Sangue del mio sangue
Pas nouveau, mais rare de voir un cinéaste reconnu et en activité depuis des décennies, avec une force de mise en scène intacte. À plus de 75 ans, Bellocchio n’en finit pas de ravir par ses témoignages et questionnements sur le monde, via l’histoire de son pays (Buongiorno, notte, Vincere) et des quêtes humaines (Le Sourire de ma mère, La Belle Endormie). Pour ce dernier opus en date, livré cinquante ans après le premier, il revient justement dans le même décor, Bobbio, petite ville d’Émilie-Romagne de la vallée du Val Trebbia, où il est né, où il filma Les Poings dans les poches (1965), et où il anime chaque été des ateliers cinéma. C’est le récit d’un jeune homme d’armes qui veut venger son frère prêtre, mort d’avoir succombé aux charmes d’une nonne. Il craque, lui aussi, illico pour la donzelle, enfermée et bientôt emmurée vivante dans le couvent. Des années plus tard, le lieu est devenu un étrange asile.
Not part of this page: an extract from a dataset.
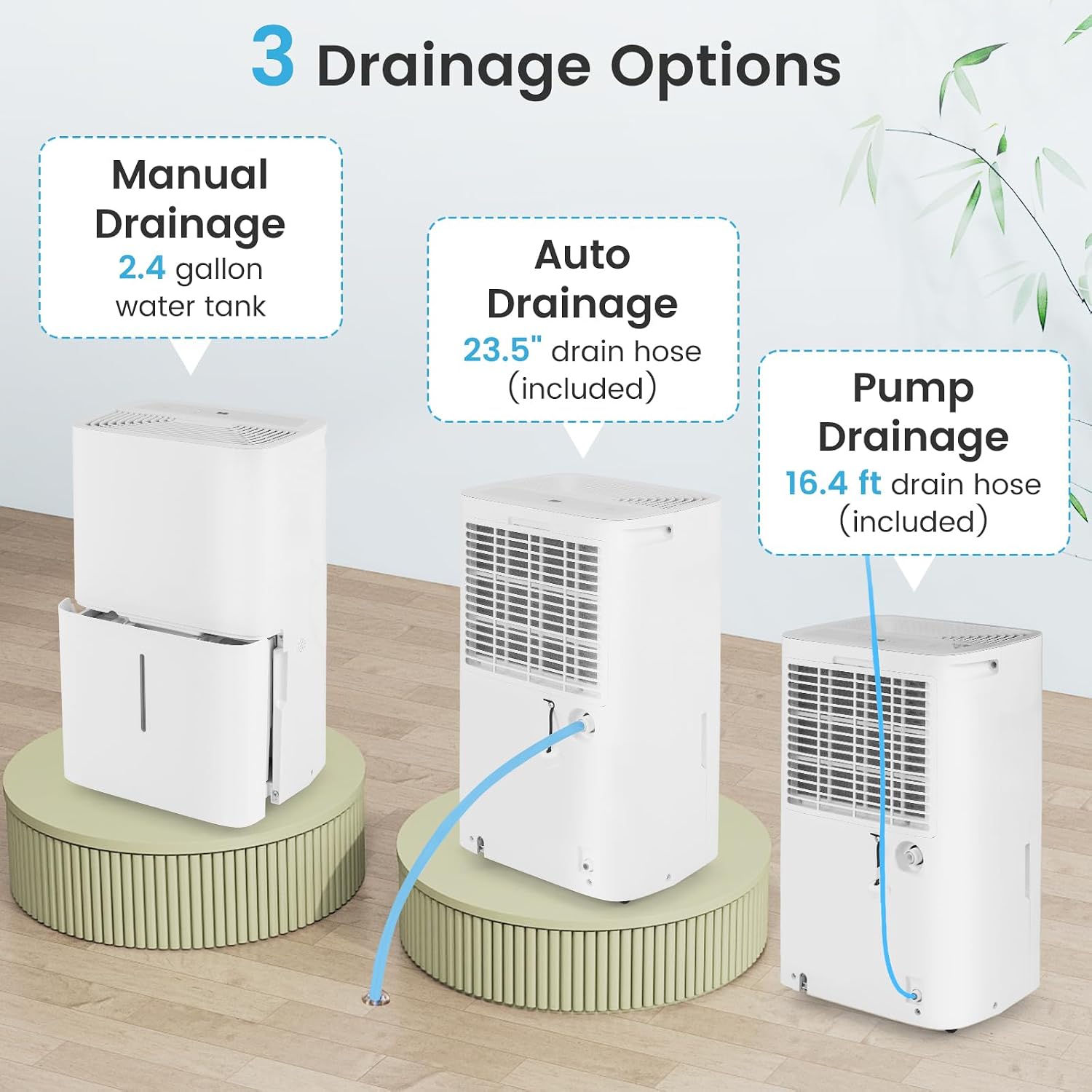 DORTALA 150 Pints Dehumidifier for 7000 Sq.Ft Large Rooms, Basement, Bathroom, Home Dehumidifier with Pump, Drain Hose, 2 Modes, 24H Timer, 2.4 Gal Water Tank, Auto Defrost, White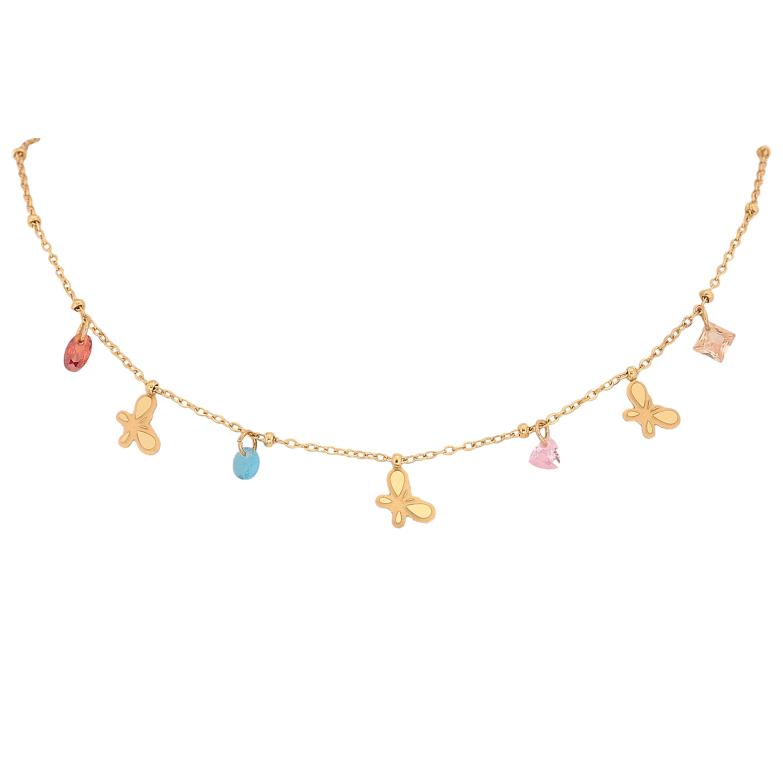 Колье Xuping ТТМ Stainless Steel цвет 14К "Бабочки с цветными кристаллами" длина 40-45см х 1-2мм фото №1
La force tellurique et la pensée magique nourrissent cette fresque sèche et virtuose, sensuelle et inquiétante, qui aspire dès la première scène où Federico pénètre en silence dans la bâtisse jusqu’à la belle « sorcière ». L’imaginaire du spectateur est intelligemment titillé et le cinéaste retrouve pour ce retour aux sources son fils et son frère comme acteurs. Une déclaration d’amour aux siens, à sa terre, au pouvoir des histoires, et au cinéma.